(Telegraph)-Where has this Liverpool been all season? After Manchester City had what would have been the opening goal ruled out following a Var check, Pep Guardiola turned to the Main Stand, as Liverpool fans gloated, and howled in frustration: “This is Anfield”. Yes, it is. And it is Liverpool’s home and it is where their defiance shines brightest and most ferociously.
City were furious Phil Foden’s strike from a tight angle was cancelled out and there was further anger as it was alleged coins were thrown at Guardiola by Liverpool fans that provoked his reaction.
That was not the end of it. For two managerial titans, who are so respectful of each other before games, who hugged warmly before kick-off, there is an extraordinarily sharp rivalry. And so, with five minutes to go, Jurgen Klopp was sent off by referee Anthony Taylor after yet more castigating of the officials – he had already been in the face of assistant referee Gary Beswick, forcing him to step onto the pitch to escape after Foden’s effort hit the net.

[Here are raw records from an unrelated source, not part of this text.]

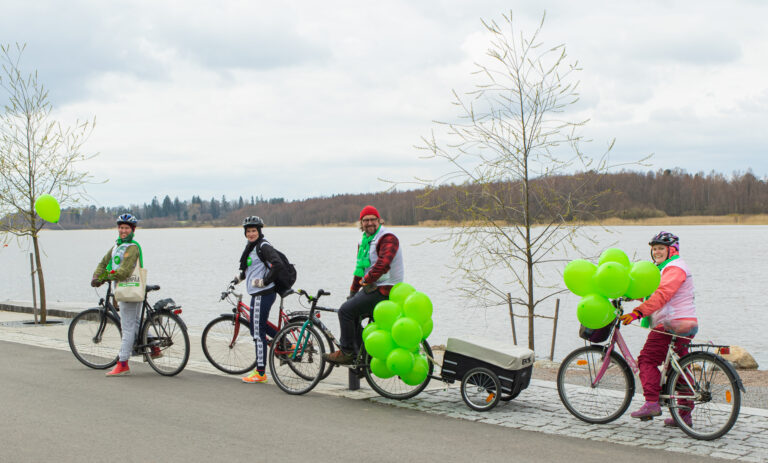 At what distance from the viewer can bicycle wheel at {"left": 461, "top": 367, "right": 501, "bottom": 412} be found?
6879mm

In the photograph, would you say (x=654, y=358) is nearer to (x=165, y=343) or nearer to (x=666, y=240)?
(x=666, y=240)

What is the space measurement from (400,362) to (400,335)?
0.27 meters

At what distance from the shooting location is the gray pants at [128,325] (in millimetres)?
8812

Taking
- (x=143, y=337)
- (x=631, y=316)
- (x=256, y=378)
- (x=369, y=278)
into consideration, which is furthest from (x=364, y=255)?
(x=143, y=337)

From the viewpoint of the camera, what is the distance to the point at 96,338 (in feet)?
30.4

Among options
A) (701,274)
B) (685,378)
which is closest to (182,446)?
(685,378)

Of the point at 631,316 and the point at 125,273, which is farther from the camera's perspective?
the point at 125,273

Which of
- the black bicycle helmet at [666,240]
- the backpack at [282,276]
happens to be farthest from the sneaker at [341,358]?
the black bicycle helmet at [666,240]

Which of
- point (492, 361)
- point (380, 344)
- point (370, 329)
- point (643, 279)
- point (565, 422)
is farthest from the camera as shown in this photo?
point (370, 329)

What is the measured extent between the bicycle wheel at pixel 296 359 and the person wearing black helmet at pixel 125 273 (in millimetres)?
2019

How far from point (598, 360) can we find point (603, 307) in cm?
51

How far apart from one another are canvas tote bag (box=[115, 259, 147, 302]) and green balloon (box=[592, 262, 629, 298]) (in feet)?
17.8

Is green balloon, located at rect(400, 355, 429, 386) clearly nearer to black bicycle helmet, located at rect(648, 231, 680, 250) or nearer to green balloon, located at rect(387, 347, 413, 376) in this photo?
green balloon, located at rect(387, 347, 413, 376)

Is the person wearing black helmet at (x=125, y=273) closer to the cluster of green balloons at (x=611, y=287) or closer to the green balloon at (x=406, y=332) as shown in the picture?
the green balloon at (x=406, y=332)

There was skill as well as spite. Huge amounts of skill in what was a modern classic – it is a fixture that sets new heights – with great saves, missed chances and a relentless power to the football as Mohamed Salah won the battle of the centre-forwards against Erling Haaland, who drew a rare blank, and scored the only goal.
It meant City suffered their first defeat of the season, Liverpool revived their campaign and Arsenal have a four-point lead at the top of the Premier League table. The only negative for Liverpool, beyond Klopp’s dismissal, was an injury to Diogo Jota who went off on a stretcher in the dying seconds.

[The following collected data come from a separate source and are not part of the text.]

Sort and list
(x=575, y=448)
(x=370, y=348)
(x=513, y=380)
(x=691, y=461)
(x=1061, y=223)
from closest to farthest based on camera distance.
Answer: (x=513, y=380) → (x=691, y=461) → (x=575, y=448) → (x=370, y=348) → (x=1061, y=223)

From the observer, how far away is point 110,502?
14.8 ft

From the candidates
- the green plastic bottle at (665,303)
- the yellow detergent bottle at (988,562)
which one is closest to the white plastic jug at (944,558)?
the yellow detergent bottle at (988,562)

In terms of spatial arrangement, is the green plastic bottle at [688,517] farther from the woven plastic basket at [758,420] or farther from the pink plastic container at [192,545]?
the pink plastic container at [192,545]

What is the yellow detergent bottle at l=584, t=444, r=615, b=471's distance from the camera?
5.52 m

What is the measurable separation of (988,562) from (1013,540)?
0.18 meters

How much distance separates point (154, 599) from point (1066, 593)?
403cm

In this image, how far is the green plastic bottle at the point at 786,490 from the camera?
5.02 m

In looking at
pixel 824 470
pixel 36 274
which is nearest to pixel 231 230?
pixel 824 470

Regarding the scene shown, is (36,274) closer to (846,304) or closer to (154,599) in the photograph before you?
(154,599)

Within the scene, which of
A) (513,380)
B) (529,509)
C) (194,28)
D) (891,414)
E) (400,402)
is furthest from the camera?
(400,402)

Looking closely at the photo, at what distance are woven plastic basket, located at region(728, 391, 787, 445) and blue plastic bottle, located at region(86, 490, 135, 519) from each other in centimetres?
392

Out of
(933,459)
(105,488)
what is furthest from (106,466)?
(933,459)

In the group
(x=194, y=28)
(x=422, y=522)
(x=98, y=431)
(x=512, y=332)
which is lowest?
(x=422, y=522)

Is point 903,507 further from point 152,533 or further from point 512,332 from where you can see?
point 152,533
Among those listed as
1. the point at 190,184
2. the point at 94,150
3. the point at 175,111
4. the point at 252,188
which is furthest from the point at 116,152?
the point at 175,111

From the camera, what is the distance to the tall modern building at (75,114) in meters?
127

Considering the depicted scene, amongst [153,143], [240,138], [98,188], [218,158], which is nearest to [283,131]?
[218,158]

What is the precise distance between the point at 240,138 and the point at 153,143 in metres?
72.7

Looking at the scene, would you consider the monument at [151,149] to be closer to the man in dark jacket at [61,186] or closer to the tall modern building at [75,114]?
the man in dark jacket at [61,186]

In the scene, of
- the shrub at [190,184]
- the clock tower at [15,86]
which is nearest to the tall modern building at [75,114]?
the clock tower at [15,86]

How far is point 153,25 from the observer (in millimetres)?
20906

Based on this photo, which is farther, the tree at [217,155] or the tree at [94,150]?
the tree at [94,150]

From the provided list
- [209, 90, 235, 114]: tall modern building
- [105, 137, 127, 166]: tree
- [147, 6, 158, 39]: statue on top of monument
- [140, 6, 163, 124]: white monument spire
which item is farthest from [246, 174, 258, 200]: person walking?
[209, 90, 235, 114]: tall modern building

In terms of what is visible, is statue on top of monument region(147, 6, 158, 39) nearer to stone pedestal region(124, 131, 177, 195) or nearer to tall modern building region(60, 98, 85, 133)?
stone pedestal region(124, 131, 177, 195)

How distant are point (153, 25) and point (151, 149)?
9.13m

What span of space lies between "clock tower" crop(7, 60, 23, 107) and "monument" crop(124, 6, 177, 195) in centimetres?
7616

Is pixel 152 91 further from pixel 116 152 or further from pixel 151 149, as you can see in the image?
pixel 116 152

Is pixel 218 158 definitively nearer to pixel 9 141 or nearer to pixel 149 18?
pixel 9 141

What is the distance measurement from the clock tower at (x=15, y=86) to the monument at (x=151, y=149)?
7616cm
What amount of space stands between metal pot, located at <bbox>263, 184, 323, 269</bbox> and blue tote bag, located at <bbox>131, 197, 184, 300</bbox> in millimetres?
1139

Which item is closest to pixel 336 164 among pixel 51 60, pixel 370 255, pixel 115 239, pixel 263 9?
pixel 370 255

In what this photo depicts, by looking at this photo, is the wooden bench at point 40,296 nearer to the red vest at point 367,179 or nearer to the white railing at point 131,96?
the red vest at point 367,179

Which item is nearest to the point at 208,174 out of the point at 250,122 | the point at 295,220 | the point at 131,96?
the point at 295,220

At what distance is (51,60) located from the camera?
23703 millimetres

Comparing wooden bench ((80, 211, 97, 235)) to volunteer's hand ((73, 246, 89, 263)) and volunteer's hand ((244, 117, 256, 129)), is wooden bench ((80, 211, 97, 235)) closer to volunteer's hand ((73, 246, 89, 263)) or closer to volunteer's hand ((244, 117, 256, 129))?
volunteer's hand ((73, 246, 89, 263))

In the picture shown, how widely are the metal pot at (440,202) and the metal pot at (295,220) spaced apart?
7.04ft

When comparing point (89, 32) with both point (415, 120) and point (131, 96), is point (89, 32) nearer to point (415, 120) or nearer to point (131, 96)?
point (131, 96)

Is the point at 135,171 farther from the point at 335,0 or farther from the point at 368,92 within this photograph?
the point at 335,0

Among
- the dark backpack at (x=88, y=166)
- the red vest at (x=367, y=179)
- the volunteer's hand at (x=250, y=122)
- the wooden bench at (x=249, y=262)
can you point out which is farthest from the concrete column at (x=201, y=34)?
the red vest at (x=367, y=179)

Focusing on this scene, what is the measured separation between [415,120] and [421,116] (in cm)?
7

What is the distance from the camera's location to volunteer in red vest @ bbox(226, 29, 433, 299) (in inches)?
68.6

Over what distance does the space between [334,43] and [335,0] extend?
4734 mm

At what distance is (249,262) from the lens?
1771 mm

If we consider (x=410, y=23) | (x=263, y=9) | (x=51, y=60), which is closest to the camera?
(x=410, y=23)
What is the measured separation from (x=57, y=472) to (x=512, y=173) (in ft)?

As that final whistle blew, Liverpool players – including 36-year-old James Milner who excelled at right-back – dropped to their knees. They may have only lifted themselves up to eighth but this was as emphatic a statement as it gets that they will fight all the way and can refire their season.
Salah was the driving force; the catalyst; the talisman. He was used in his preferred position, as a central striker, and relished it with the wily Roberto Firmino behind him. After Salah’s quickfire midweek hat-trick in the Champions League away to Rangers the Egyptian was irrepressible. He was also the calmest person in the stadium after scoring.
His goal summed up Liverpool’s sharpness with goalkeeper Alisson claiming an assist as he collected an over-hit free-kick and was alert to what was on. And so he delivered a precise, flat goal-kick after spotting that Salah was on half-way with only Joao Cancelo up against him.
Salah was smart, using his body, turning Cancelo and suddenly finding himself through on goal before running on and calmly steering the ball beyond Ederson. There had been a similar incident earlier in the second-half with the goalkeeper brilliantly finger-tipping Salah’s effort around the post but this time he was beaten.
After that the atmosphere became even more febrile; even more bone-jarring. The noise was incredible; the pace was relentless; the challenges unforgiving with Klopp hailing his make-shift defence where Joe Gomez, back as a central defender, also impressed and Haaland just could not beat Alisson.
But, really, where has this Liverpool been? This was the Liverpool we have been used to in recent campaigns, who have gone toe-to-toe with City, and who have pushed them all the way and beaten them more often than anyone else. But, then again, if they could not get up for this game, if they could not capitalise on this cauldron of defiance then hope was lost.
But, gloriously for them, they did just that while so good are City that even in the face of it they will wonder how they lost. So high was the quality of the passing and forward play that both teams would have scored a hatful against virtually any other opponent. Instead, somehow, we had just the one goal.
Liverpool threw themselves at City like red-shirted banshees. City responded by cutting through precisely, time and again, and there were wonderful, flowing attacks from both.
In the first-half the best chances came from headers. Jota’s was easily saved by Ederson while, really, Haaland should have scored when he was wonderfully picked out by Kevin de Bruyne only to plant the ball straight at Alisson. Earlier he had headed over; Andrew Robertson had fired over and back and forth it went.
In the second-half it became even more wild; even more open and there had to be a goal. After Ederson denied Salah – even though a goal-kick was given – Haaland tussled with Fabinho. It looked 50:50 and play carried on with Haaland also challenging Alisson who spilled the ball as City swept through with Foden finishing.
All hell broke loose. Staff from both dug-outs ran around and eventually Taylor was called over to the pitchside monitor and ruled the goal out. As the Liverpool fans celebrated their team countered with Salah picking out Jota. With only Ederson to beat, he headed over before, at the other end, Alisson denied Haaland, pushing away his low shot.
Something had to give and just as it looked like City were firmly in the ascendancy – and maybe they over-committed because of that – they were caught out and conceded. Still there was time for City but despite all their pressure the best two chances fell to Liverpool. Neither was taken. But they held on anyway while there will be repercussions beyond the result.